++++ Provided data ++++

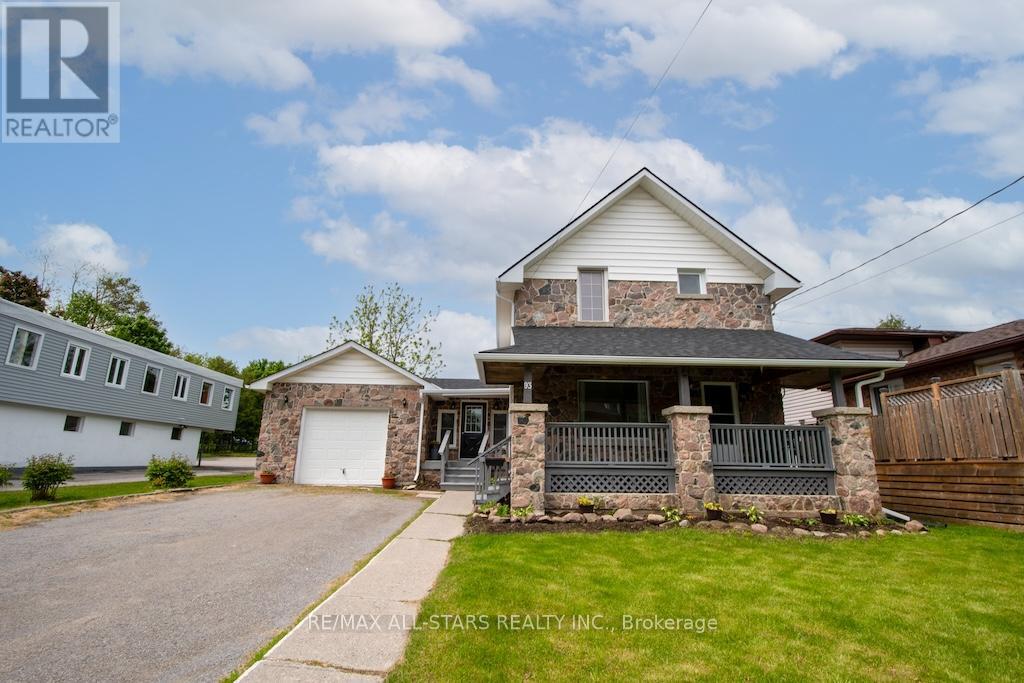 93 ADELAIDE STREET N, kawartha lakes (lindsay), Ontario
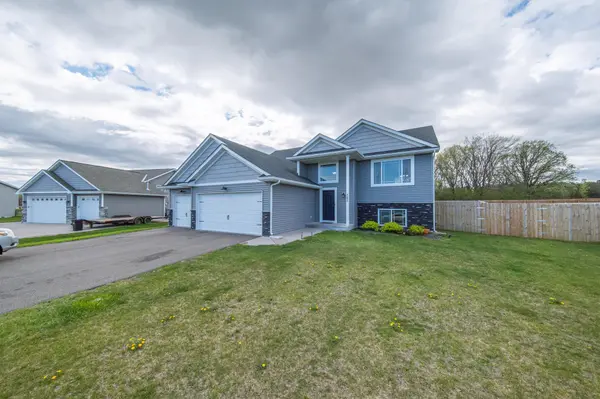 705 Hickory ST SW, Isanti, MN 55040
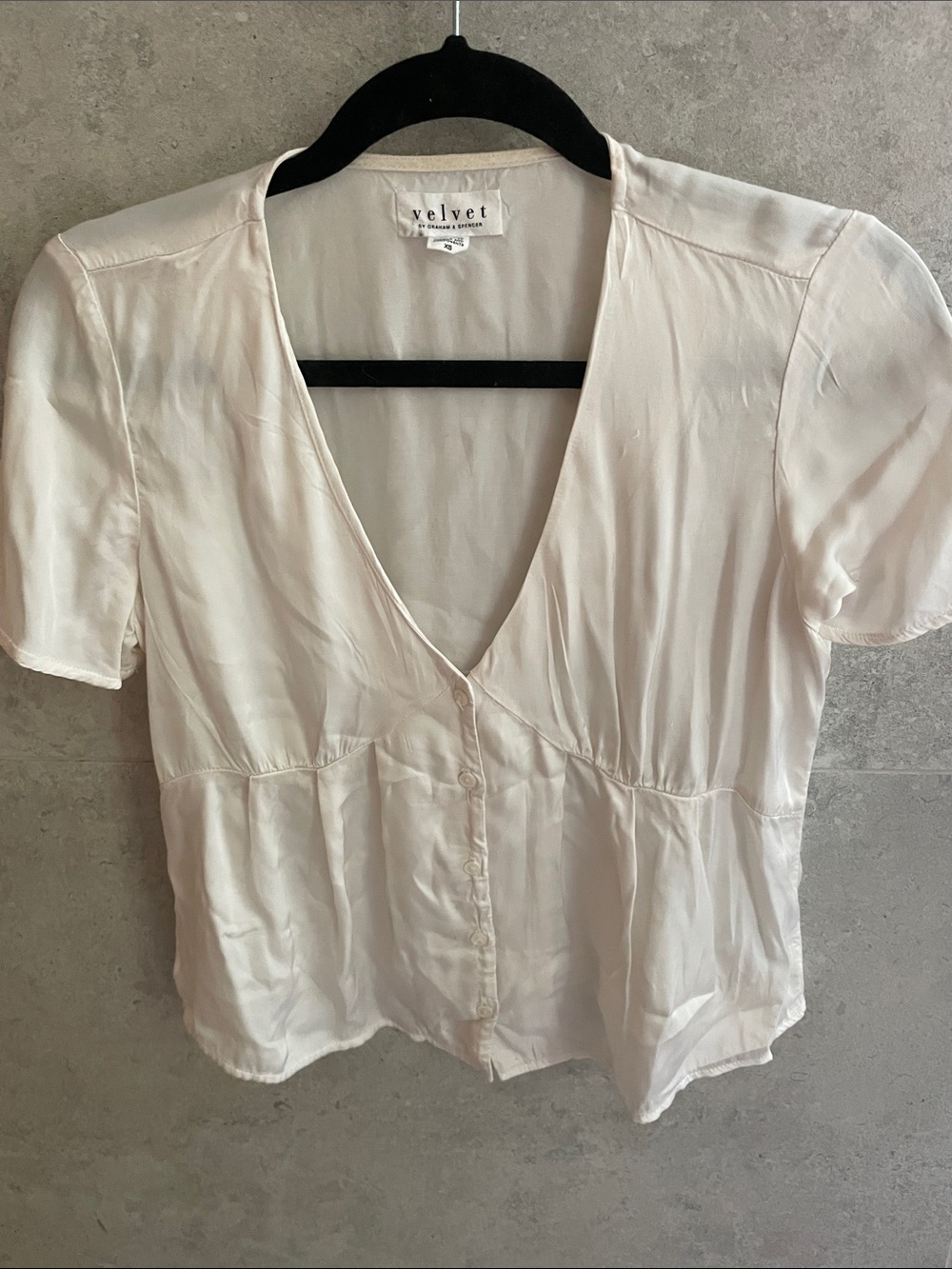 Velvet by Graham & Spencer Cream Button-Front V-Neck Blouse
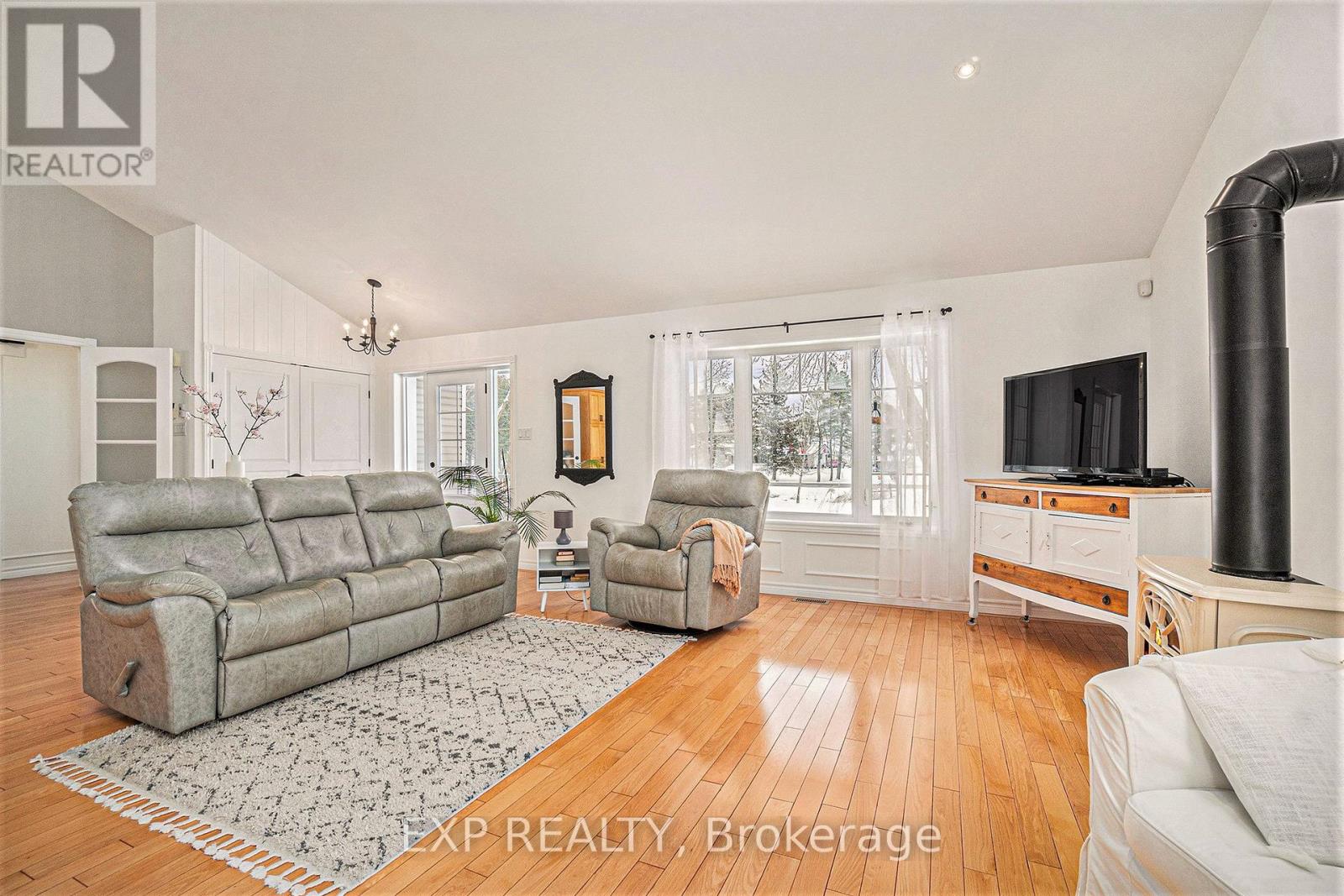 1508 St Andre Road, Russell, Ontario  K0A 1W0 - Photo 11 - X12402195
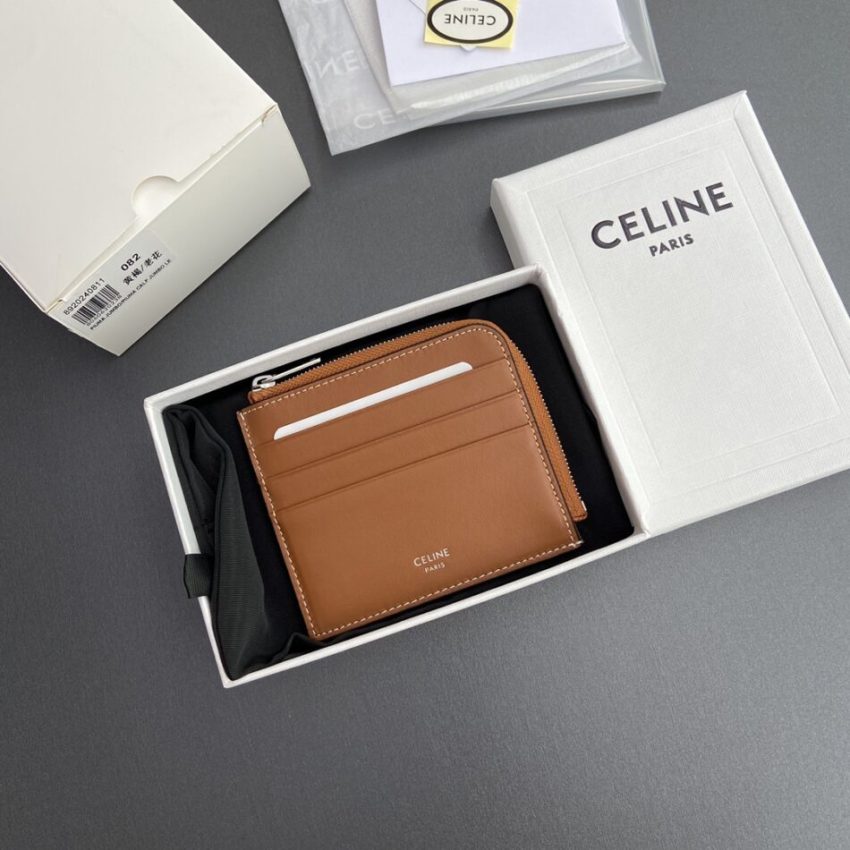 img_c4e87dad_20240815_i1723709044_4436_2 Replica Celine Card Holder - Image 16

++++

About this exercise
Please quote the records above exactly, beginning at the line that contains "705 Hickory ST SW, Isanti, MN 55040" and ending at their last line. Leave the pictures out.

Output of the task
 705 Hickory ST SW, Isanti, MN 55040
 Velvet by Graham & Spencer Cream Button-Front V-Neck Blouse
 1508 St Andre Road, Russell, Ontario  K0A 1W0 - Photo 11 - X12402195
 img_c4e87dad_20240815_i1723709044_4436_2 Replica Celine Card Holder - Image 16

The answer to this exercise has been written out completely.